Que avaliação a sra. faz da atualização do Marco Legal de Ciência, Tecnologia e Inovação, regulamentado em 2018, e que, entre outros aspectos, torna mais simples a parceria entre entes públicos e agentes privados, captação de recursos do exterior e outras iniciativas? E como avalia que esse instrumento legal pode, eventualmente, aperfeiçoar ações desenvolvidas no âmbito do Museu Emilio Goeldi?
O Marco Legal é sem dúvida um grande avanço, mas, ainda há dificuldades para o entendimento em toda a sua abrangência e capacidade de aplicação na prática. No caso do Museu Emilio Goeldi, ele veio praticamente simultaneamente à aplicação da Lei da Biodiversidade, que dificultou e burocratizou enormemente grande parte das nossas atividades, incluindo as relacionadas à inovação.
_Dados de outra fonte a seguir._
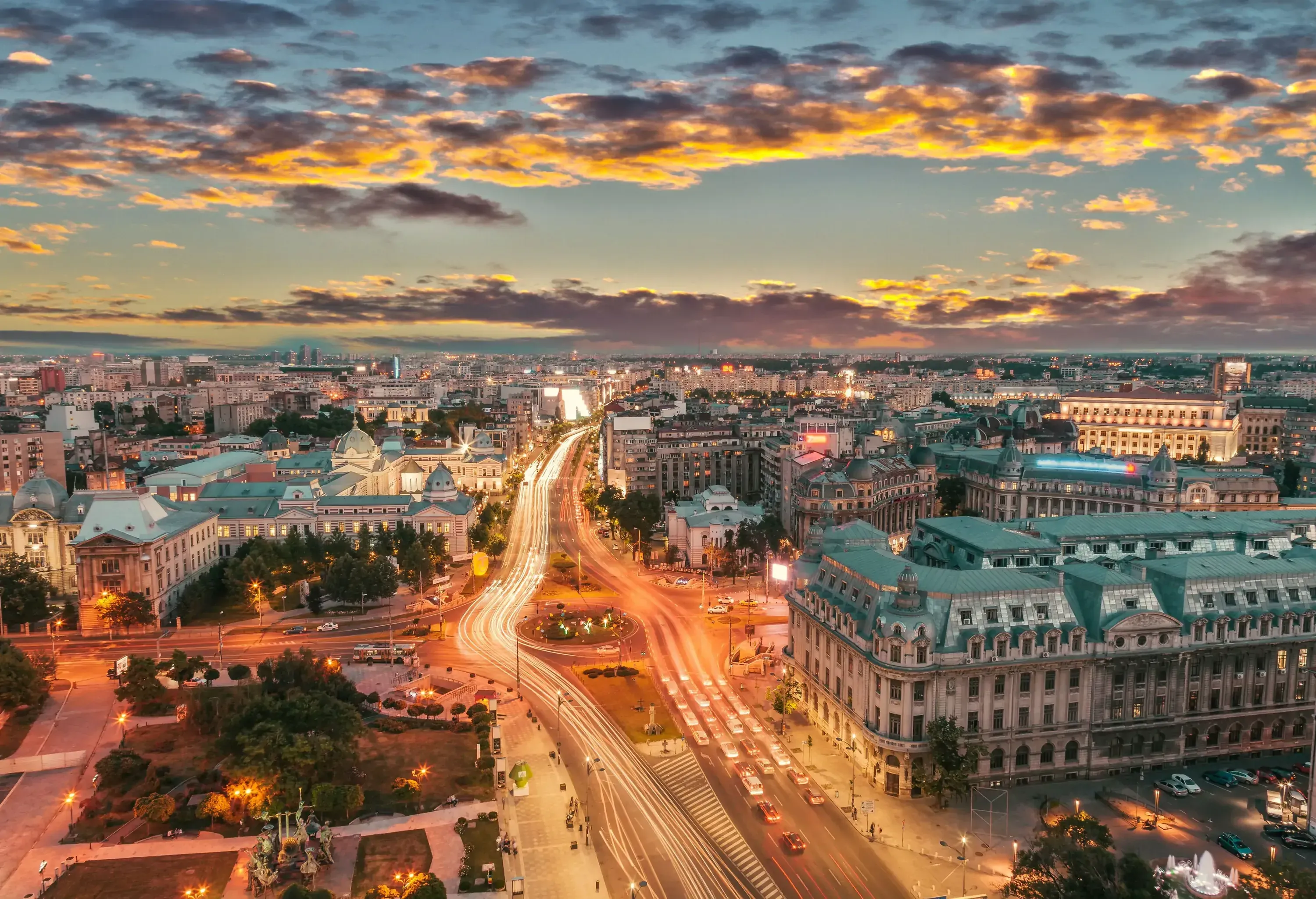 Vehicle light trails making the roadways glow as they wind among the city buildings beneath a dreary sky.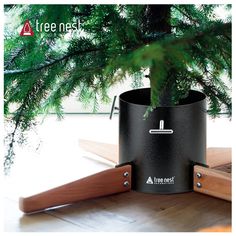 Scandinavia style designed in Finland makes the Christmas tree look more suitable for your home style, no Christmas tree collar or skirt needed with this Christmas tree stand! Key Product Features Strong legs made from sustainable beech hardwood, this ensures the live Christmas tree to stand straight. Ergonomic design using the smartest bolts and nuts to help you putting up your Christmas tree fast and easy Christmas tree holder can be filled with 1.27gal of water to keep the real Christmas tree fresh High-tech production combined with the best coating, no worries about leakage, protect your carpets and floors from water Christmas tree base support trees up to 2.4 to 5.5inch in diameter and 10ft tall. We suggest that you measure your Christmas tree to make sure the perfect fit. As always T Elevated Tree Stand, Dyi Tree Stand, Christmas Tree Rotating Stand, Homemade Christmas Tree Stand For Real Tree, 10ft Christmas Tree, Rotating Christmas Tree Stand, No Christmas Tree, Trees Decoration, Christmas Tree Holder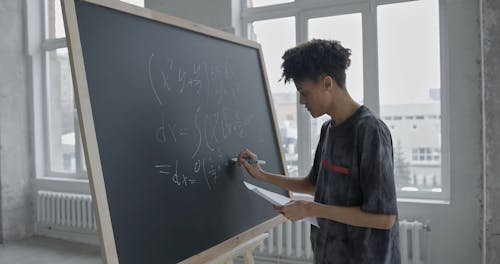 A Guy Writing Mathematical Equation on a Blackboard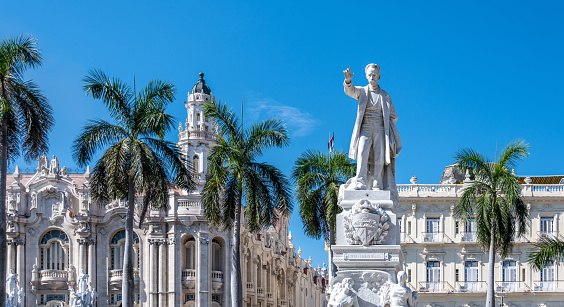 Havana, Cuba. 20th November 2018. Palm trees and statue of José Martí in central Havana with ornate buildings behind on a sunny day.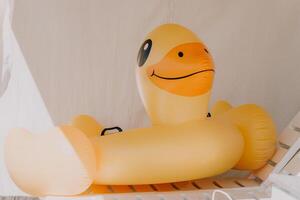 Inflatable duckling, summer - Bright yellow floatation device enhances swimming experience and safety ensured for young swimmers on warm summer days. photo
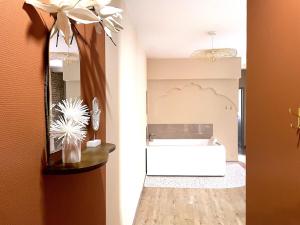 a bathroom with a white tub and a sink at Les 1001 nuits in Albi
Que avaliação a sra. faz, do ponto de vista global, da gestão encerrada em dezembro último, considerando-se a relação do MCTIC com entidades vinculadas? O Ministério adotou, nesta gestão, uma estratégia que foi o fortalecimento da Diretoria de Organizações Sociais e Institutos de Pesquisa. Que avaliação faz desse meio de contato com o sistema brasileiro de ciência e tecnologia?
Eu só assumi a Direção do Museu no fim de junho de 2018, então é difícil para mim avaliar de um ponto de vista mais global. Fui muito bem acolhida pela equipe da DPO e encontrei a porta sempre aberta para expor as necessidades do Museu Goeldi, houve diálogo e sensibilidade. Ressalto nesse período específico, a manutenção do Programa de Capacitação Institucional como uma enorme conquista, que possibilitou um novo fôlego às instituições vinculadas ao MCTIC em 2019. Uma estrutura que mantém uma relação de apoio e valorização às instituições que compõem o Sistema Nacional de Ciência, Tecnologia e Inovação garante a vitalidade a um projeto de nação.